[[ AVAILABLE DATA open ]]

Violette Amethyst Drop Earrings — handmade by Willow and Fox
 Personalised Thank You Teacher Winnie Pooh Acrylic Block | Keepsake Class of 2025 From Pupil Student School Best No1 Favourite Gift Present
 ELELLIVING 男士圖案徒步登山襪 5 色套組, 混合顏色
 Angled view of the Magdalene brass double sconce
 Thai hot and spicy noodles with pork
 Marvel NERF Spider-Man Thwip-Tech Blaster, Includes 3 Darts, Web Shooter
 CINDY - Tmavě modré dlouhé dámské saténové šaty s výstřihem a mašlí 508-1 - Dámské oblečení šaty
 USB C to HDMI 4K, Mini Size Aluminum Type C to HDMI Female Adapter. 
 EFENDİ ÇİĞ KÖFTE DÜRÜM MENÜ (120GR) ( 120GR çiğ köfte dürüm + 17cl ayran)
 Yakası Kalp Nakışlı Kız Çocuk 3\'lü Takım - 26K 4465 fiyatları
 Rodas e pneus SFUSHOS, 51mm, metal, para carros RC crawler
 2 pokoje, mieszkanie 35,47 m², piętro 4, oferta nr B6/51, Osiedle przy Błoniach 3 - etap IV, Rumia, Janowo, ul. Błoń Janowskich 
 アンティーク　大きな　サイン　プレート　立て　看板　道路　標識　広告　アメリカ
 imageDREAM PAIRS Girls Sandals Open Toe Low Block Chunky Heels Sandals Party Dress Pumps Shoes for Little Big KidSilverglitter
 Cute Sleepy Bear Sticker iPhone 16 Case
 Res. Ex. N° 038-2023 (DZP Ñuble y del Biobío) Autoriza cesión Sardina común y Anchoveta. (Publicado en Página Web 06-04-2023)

[[ AVAILABLE DATA closed ]]

■ EXERCISE GOAL ■
Emit an exact copy of the lines spanning the start of the records to the line containing "ELELLIVING 男士圖案徒步登山襪 5 色套組, 混合顏色", inclusive, and no other output.

■ SOLUTION ■
Violette Amethyst Drop Earrings — handmade by Willow and Fox
 Personalised Thank You Teacher Winnie Pooh Acrylic Block | Keepsake Class of 2025 From Pupil Student School Best No1 Favourite Gift Present
 ELELLIVING 男士圖案徒步登山襪 5 色套組, 混合顏色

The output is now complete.